A delicious home-made ice cream that uses a surprising Irish ingredient

JP McMahon: This recipe makes use of a fruit grown in Ireland for centuries

Fresh figs can form the basis of a delicious ice-cream

Fresh figs can form the basis of a delicious ice-cream

 

Nowadays few of us have the space or the time to grow our own fruit and vegetables and it’s easy to imagine that this was always the case. However, speaking to my father recently, he recounted how my grandmother’s wonderful lawn in Mount Merrion (on which we played croquet as kids) was once a vegetable garden that produced a myriad of vegetables and fruits.

Before the advent of the supermarket, if you wanted something, you grew it yourself. I never got to taste my grandmother’s gooseberries or pears, but I’m sure they would have tasted amazing.

Figs are another fruit that many have grown in Ireland. Indeed, many abbeys and monasteries would have grown them from the 12th century onwards. A huge solitary fig tree hangs over the River Corrib in Galway. Though the figs are never exactly palatable to eat raw off the tree, due to the cold weather in the west, the leaves provide a great flavour enhancer to curries, soups, ice creams and sorbets. The fruit can also be cooked in sugar or pickled, depending on whether you’re using the figs for savoury or sweet applications.

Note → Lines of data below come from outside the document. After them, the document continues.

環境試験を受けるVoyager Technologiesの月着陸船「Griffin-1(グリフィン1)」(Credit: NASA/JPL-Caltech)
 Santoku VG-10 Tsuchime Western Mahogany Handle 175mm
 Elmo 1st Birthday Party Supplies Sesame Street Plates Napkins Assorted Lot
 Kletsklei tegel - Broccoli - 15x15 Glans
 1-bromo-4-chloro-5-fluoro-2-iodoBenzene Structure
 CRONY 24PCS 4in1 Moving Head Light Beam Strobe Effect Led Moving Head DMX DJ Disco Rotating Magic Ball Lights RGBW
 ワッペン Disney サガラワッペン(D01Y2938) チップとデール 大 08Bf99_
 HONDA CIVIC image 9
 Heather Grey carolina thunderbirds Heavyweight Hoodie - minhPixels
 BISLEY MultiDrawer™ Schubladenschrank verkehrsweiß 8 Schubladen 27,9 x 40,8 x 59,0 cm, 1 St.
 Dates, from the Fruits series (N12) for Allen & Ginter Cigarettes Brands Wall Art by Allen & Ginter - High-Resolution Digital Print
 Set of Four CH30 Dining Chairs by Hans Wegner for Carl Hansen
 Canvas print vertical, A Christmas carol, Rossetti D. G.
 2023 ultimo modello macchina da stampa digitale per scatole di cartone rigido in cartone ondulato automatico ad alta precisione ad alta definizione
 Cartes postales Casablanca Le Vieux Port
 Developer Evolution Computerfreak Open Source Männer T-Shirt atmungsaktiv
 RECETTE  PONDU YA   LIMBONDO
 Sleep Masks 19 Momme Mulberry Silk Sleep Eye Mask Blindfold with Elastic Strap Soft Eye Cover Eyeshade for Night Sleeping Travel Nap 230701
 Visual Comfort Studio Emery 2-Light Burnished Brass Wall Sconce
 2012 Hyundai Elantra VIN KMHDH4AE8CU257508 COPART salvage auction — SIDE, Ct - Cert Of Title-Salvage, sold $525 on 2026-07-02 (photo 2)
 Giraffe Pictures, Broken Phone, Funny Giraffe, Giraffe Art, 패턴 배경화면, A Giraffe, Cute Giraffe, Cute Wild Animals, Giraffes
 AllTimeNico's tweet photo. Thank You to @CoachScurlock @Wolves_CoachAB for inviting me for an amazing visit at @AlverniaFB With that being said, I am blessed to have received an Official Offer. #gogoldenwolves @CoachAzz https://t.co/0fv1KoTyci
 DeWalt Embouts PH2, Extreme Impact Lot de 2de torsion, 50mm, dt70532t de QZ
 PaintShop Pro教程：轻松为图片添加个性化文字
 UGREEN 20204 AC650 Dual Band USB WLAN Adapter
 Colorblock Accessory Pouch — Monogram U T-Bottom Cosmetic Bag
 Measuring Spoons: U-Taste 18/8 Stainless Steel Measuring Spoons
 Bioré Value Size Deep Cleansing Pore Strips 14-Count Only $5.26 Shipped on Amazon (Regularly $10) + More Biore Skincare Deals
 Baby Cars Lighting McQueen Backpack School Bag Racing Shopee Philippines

How to make fig leaf ice-cream with fresh figs and honey

For this recipe, you’ll need a few fresh fig leaves, but feel free to use another leaf instead, such as strawberry or blackberry.

Take five fig leaves and gently crush them. Place them in a pot with 225ml of milk and 500ml of cream. Bring to just below the boil and remove from heat. Allow the mixture to stand for 20 minutes before straining.

Meanwhile, whisk nine egg yolks with 300g of sugar. Pour the warm cream mixture over the eggs, whisking all the time. Put the custard mixture in the pot and warm gently until it thickens. Remove from the heat and allow to cool.

Churn in an ice-cream machine according to the manufacturer’s settings or freeze in a container and whisk every 30 minutes until frozen. To serve: quarter some fresh figs and garnish with a little honey and icing sugar. If serving from the freezer, remove the ice-cream 30 minutes before serving to ensure it is not too hard.